4) There is no such thing as “psychological” versus “physical” dependence since the brain is part of the body and the mind is the functioning of the brain. Keep in mind that people can be months to years out from their last use of any drug and still relapse severely. This is not being driven by the withdrawal symptoms that most everyone recognizes when they talk about “physical” dependence.
5) Marijuana acutely impairs cognitive and other behavioral functions.
6) Behavioral tolerance with chronic exposure is substantial. Blood levels of THC in animals or humans are a poorer proxy for impairment (versus other drugs) if you do not know anything about the prior exposure history.
7) THC is detectable in the body for a very long time compared with many other drugs of abuse. One study found detectable THC, or one of the main metabolites, for 30 days of inpatient study (chronic users).

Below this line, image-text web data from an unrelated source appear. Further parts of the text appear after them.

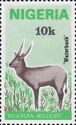 Defassa Waterbuck (Kobus defassa)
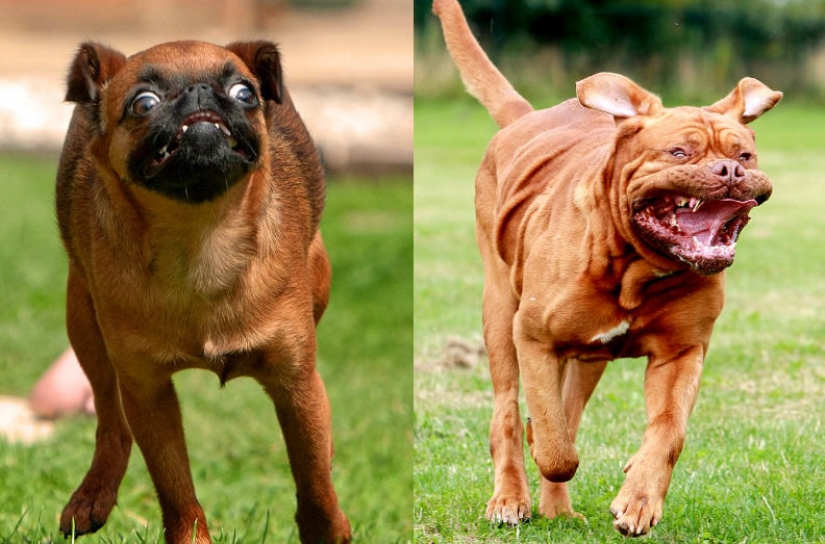 The photographer took a picture of running dogs, and it's very funny The photographer took a picture of running dogs, and it's very funny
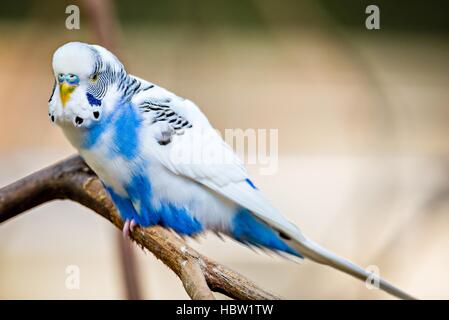 Budgerigar parrocchetto seduto su un ramo di albero Foto Stock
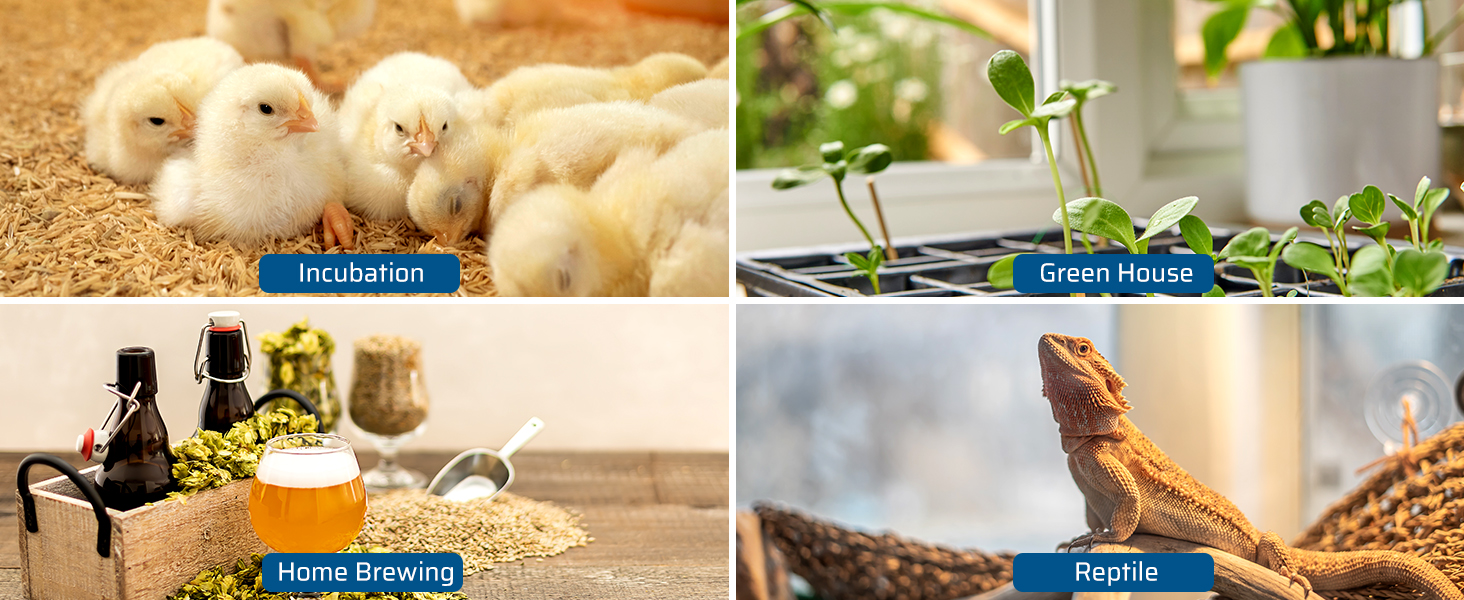 Digital Temperature Controller Thermostat Outlet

8) Trying to make specific predictions about an individual who uses marijuana from general findings (there is always a central tendency or average around which the distribution of data points or individual outcomes varies) is a fools’ errand. We can only predict general trends. Conversely, and this is important for your personal introspection, the evidence from one given data point or individual doesn’t tell us much that is informative about the average trend. The fact that it is your personal experience does not make it more valid.
Dr. Taffe closes his comments saying, “Finally, there is much we simply don’t know. Any given scientific study or data set is limited by how it was generated. This doesn’t mean we throw up our hands and say it is all bunk or uninterpretable but it means one does have to think about it a bit.”
Lastly, he says, “I would invite you to read over the Prop 64 provisions. Personally, I see a fair bit of investment of the tax revenue in state sponsored activities to answer some of these issues better, to address some of the obvious concerns, etc. To me this is a positive. The extent to which this will happen, the extent to which actionable information will result, the extent to which activities intended to head off or ameliorate obvious negatives is, however, an unknown.”